Атеросклероз и связанные с ним сердечно-сосудистые заболевания среди населения промышленно развитых западных стран занимают первое место в ряду причин смертности от неинфекционных болезней.

В основе гипотезы атерогенеза лежит повреждение клеток сосудистого эндотелия. Достоверно установленной причиной атеросклеротических изменений в сосудах являются нарушения липидного профиля с повышением концентрации общего холестерина в крови. Наиболее агрессивными являются липопротеиды низкой плотности (ЛПНП). Окисленные ЛПНП повреждают эндотелий и внутреннюю оболочку сосудов, провоцируя образование атеросклеротических бляшек.

Поврежденный эндотелий утрачивает свою способность продуцировать эндогенные вазодилатирующие вещества, что при определенных обстоятельствах проявляется склонностью к возникновению спазмов, в частности, коронарных артерий.

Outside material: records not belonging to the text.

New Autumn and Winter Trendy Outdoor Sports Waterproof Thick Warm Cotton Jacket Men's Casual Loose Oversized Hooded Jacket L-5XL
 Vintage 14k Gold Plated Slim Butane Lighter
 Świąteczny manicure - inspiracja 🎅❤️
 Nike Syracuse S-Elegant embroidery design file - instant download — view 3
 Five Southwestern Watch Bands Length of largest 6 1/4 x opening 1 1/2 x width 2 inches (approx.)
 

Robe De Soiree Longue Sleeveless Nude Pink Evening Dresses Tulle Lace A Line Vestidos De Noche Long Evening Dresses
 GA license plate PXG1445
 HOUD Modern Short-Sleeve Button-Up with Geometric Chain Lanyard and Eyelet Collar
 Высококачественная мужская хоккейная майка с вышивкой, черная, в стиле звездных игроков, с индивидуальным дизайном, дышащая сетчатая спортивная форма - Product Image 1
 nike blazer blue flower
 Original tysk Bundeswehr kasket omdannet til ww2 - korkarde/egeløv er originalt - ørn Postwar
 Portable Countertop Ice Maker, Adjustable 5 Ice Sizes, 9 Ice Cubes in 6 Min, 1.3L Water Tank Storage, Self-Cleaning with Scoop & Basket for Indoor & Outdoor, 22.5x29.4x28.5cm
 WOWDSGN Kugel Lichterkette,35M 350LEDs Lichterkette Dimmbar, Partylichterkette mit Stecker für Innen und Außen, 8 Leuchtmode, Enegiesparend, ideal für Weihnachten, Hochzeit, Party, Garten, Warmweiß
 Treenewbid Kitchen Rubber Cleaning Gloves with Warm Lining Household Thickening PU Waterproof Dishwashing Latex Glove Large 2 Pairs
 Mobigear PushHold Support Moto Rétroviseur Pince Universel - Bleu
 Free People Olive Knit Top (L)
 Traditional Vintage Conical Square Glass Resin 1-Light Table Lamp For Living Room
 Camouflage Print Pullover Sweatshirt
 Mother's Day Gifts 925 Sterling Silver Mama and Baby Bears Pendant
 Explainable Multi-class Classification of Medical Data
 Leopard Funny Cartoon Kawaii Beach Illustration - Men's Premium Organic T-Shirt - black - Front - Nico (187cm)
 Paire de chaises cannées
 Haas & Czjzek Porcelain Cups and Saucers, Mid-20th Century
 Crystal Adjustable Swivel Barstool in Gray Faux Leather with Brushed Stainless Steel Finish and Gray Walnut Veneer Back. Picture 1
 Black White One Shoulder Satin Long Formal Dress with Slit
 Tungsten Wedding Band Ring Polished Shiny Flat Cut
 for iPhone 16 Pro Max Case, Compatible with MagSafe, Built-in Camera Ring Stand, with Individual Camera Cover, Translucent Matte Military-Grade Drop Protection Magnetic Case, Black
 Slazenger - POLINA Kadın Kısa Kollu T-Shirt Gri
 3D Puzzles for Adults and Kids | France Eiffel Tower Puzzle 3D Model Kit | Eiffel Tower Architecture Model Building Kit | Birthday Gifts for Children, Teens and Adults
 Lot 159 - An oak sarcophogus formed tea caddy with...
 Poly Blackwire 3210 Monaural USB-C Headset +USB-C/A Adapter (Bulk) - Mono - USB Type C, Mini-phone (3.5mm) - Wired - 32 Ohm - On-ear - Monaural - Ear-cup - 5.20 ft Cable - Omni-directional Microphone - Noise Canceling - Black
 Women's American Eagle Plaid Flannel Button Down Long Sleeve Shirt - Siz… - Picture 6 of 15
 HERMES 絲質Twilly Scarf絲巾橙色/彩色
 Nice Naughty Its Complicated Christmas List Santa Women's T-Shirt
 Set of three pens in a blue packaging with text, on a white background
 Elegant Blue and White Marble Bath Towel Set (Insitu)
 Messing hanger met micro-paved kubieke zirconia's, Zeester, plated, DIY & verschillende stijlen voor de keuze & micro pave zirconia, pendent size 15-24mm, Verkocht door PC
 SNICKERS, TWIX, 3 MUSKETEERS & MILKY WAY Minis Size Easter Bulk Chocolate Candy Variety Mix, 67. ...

Эпидемиологические исследования, проводившиеся в разных странах, показали, что особенности национального либо регионального характера питания (количество и качество потребляемых жиров) способны активно влиять на содержание холестерина в крови и на летальность от осложнений сердечно-сосудистых заболеваний.

В настоящее время имеются убедительные доказательства того, что гиперхолестеринемия, наряду с артериальной гипертензией и курением, является одним из основных потенциально обратимых факторов риска развития ИБС и других клинических форм атеросклероза.

Согласно рекомендациям Европейского общества кардиологов, Общества по атеросклерозу и гипертонии, активность воздействия на каждый из факторов риска должна значительно увеличиваться при высоком общем уровне риска и быть умеренной при низком суммарном риске. Человек с несколькими, даже умеренно выраженными факторами риска может иметь больший суммарный риск ИБС, чем человек с одним, резко выраженным фактором.

Липопротеиды представляют собой комплексы производных липидов с белками и являются транспортными формами липидов. Благодаря своей растворимости в водной среде они способны переносить липиды, поступающие в кровь при всасывании из кишечника, а также распределять липиды между тканями. Различное содержание отдельных классов липидов в липопротеидах указывает на преимущественный перенос ими соответствующих липидов. Деление липопротеидов на классы основано на различиях в их плотности.

Фраменгамское исследование показало, что как у мужчин, так и у женщин старше 55 лет существует корреляционная связь между частотой ИБС и концентрацией холестерина ЛПНП в крови. Было также установлено, что между содержанием фракции холестерина липопротеидов высокой плотности (ЛПВП) в крови и частотой острого инфаркта миокарда имеется тесная обратная зависимость, таким образом, низкий уровень в крови холестерина ЛПВП является прогностически неблагоприятным.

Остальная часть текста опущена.